__RECORDS SHOWN__
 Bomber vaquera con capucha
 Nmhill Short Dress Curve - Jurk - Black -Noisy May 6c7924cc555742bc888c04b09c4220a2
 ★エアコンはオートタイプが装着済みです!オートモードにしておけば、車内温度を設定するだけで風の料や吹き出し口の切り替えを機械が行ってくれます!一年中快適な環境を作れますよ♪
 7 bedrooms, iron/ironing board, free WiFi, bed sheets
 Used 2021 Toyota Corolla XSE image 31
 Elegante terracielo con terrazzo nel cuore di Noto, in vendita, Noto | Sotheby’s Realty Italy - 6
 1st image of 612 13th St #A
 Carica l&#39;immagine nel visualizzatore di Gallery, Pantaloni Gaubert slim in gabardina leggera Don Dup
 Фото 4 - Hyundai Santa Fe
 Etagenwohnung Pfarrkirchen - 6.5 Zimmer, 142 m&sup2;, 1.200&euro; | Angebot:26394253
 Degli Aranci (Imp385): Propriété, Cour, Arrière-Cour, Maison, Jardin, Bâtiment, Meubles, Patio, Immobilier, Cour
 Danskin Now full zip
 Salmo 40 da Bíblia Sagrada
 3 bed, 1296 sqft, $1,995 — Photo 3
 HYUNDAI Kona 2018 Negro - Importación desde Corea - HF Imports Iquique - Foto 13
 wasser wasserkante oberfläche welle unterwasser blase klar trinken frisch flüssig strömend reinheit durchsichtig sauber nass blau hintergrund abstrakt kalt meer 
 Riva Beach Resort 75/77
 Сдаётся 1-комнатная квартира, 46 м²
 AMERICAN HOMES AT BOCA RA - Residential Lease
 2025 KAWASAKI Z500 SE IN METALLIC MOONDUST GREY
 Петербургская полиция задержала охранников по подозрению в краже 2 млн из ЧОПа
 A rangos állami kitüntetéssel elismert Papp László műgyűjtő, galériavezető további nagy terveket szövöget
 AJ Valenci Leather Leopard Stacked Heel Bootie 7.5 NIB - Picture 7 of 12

__TASK DIRECTIONS__
Your answer must be the line containing "AMERICAN HOMES AT" through the last line above, copied exactly, with nothing added.

__COMPLETED TASK__
 AMERICAN HOMES AT BOCA RA - Residential Lease
 2025 KAWASAKI Z500 SE IN METALLIC MOONDUST GREY
 Петербургская полиция задержала охранников по подозрению в краже 2 млн из ЧОПа
 A rangos állami kitüntetéssel elismert Papp László műgyűjtő, galériavezető további nagy terveket szövöget
 AJ Valenci Leather Leopard Stacked Heel Bootie 7.5 NIB - Picture 7 of 12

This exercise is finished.